** Opening Data for the task block **
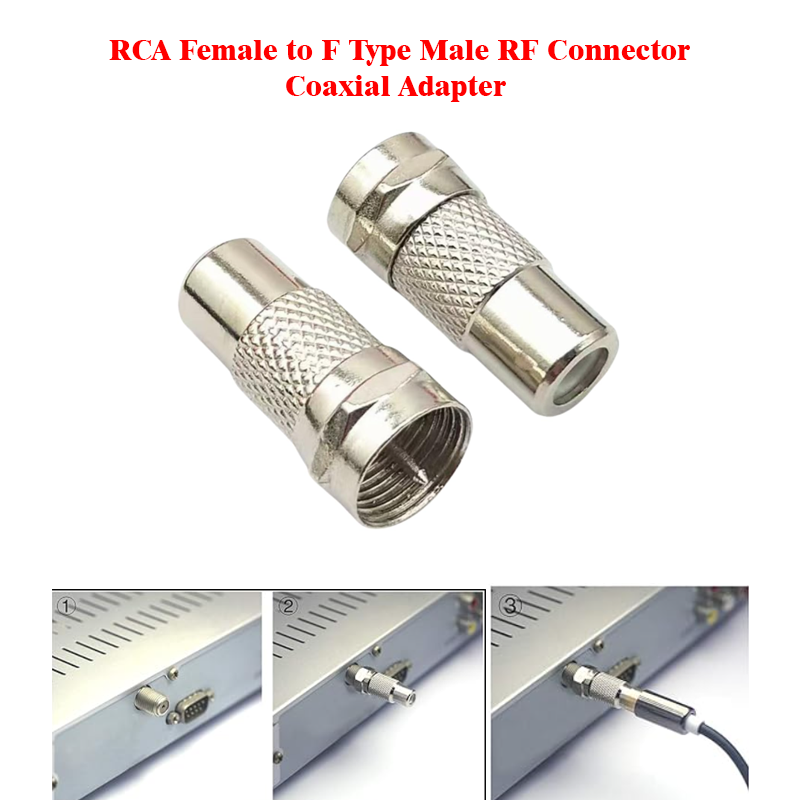 RCA Female to F Type Male RF Connector Coaxial Adapter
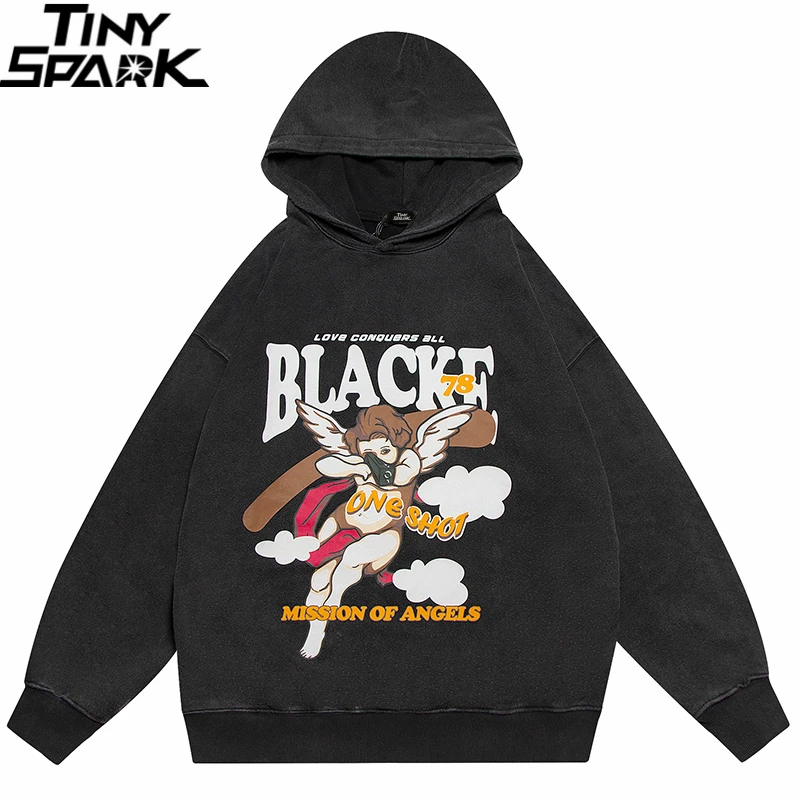 

Men Streetwear Hip Hop Oversize Hoodie Sweatshirt Funny Angel Cartoon Graphic Hooded Pullover Cotton 2022 Harajuku Hoodie Black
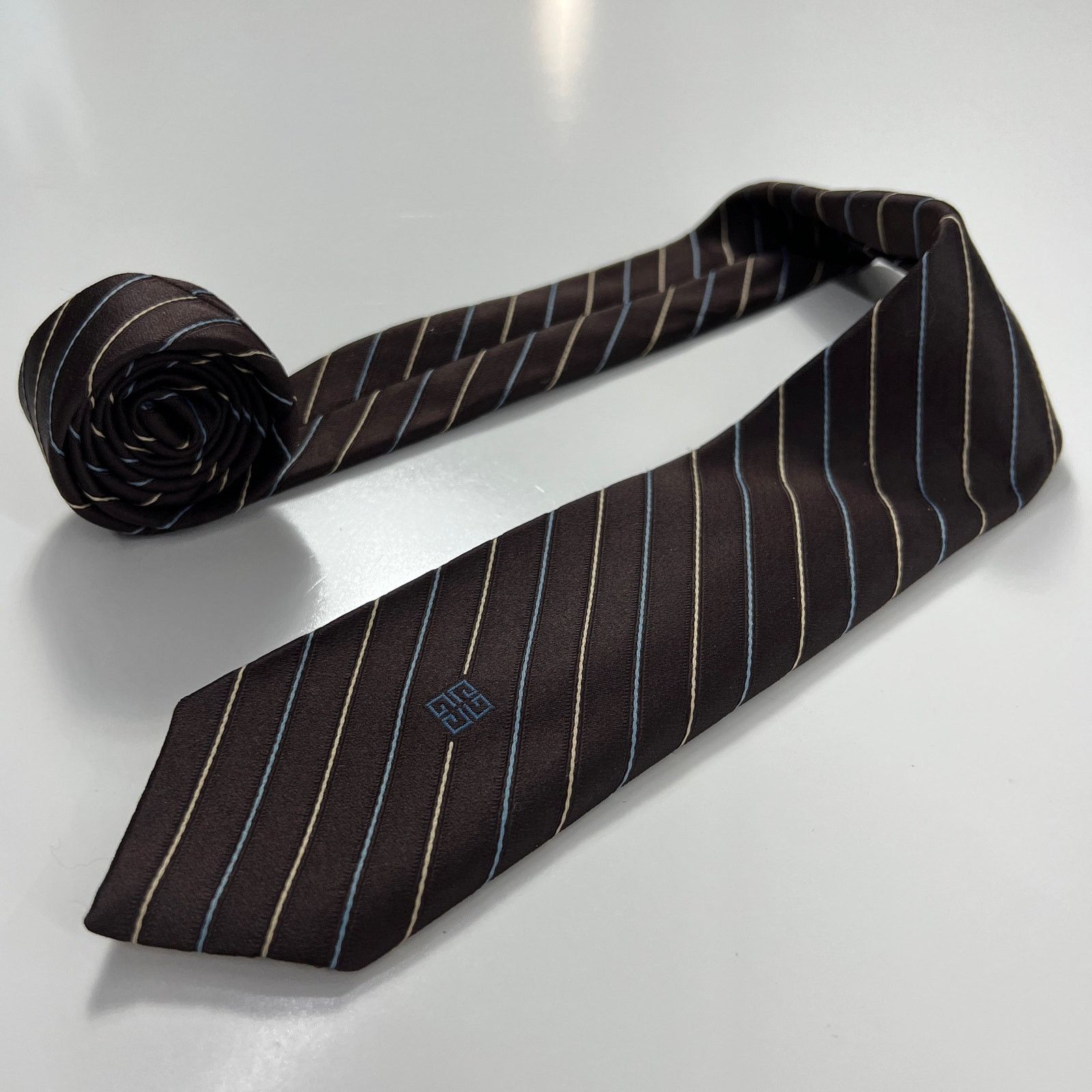 Givenchy Givenchy Gentlemen Paris Men's Tie Brown Blue White Necktie Size ONE SIZE - 4 Thumbnail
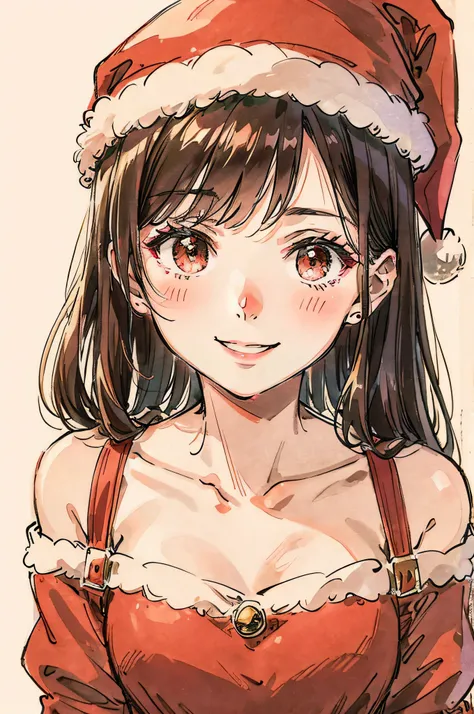 Christmas Costumes、Turning the nose red、skirt by the、A smile、Focus on the face、Delicate、top-quality、wearing santa&#39;red headwear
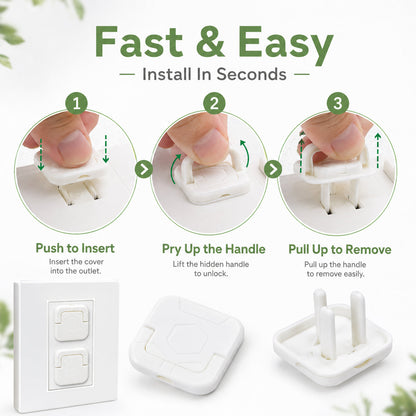 👶Baby Proof Socket Covers with Smart Handle Design – Fits 2 & 3 Prong Outlets for Easy Parent Removal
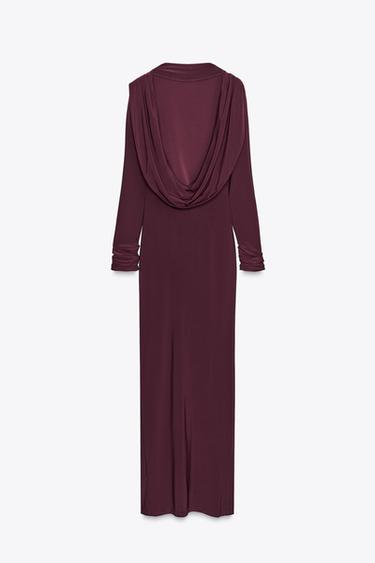 Zara BACKLESS DRAPED DRESS - Burgundy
** Closing Data for the task block **
* What you are asked to do:
An exact retyping of the entries, without images, is the required answer.

* Result:
 RCA Female to F Type Male RF Connector Coaxial Adapter

Men Streetwear Hip Hop Oversize Hoodie Sweatshirt Funny Angel Cartoon Graphic Hooded Pullover Cotton 2022 Harajuku Hoodie Black
 Givenchy Givenchy Gentlemen Paris Men's Tie Brown Blue White Necktie Size ONE SIZE - 4 Thumbnail
 Christmas Costumes、Turning the nose red、skirt by the、A smile、Focus on the face、Delicate、top-quality、wearing santa&#39;red headwear
 👶Baby Proof Socket Covers with Smart Handle Design – Fits 2 & 3 Prong Outlets for Easy Parent Removal
 Zara BACKLESS DRAPED DRESS - Burgundy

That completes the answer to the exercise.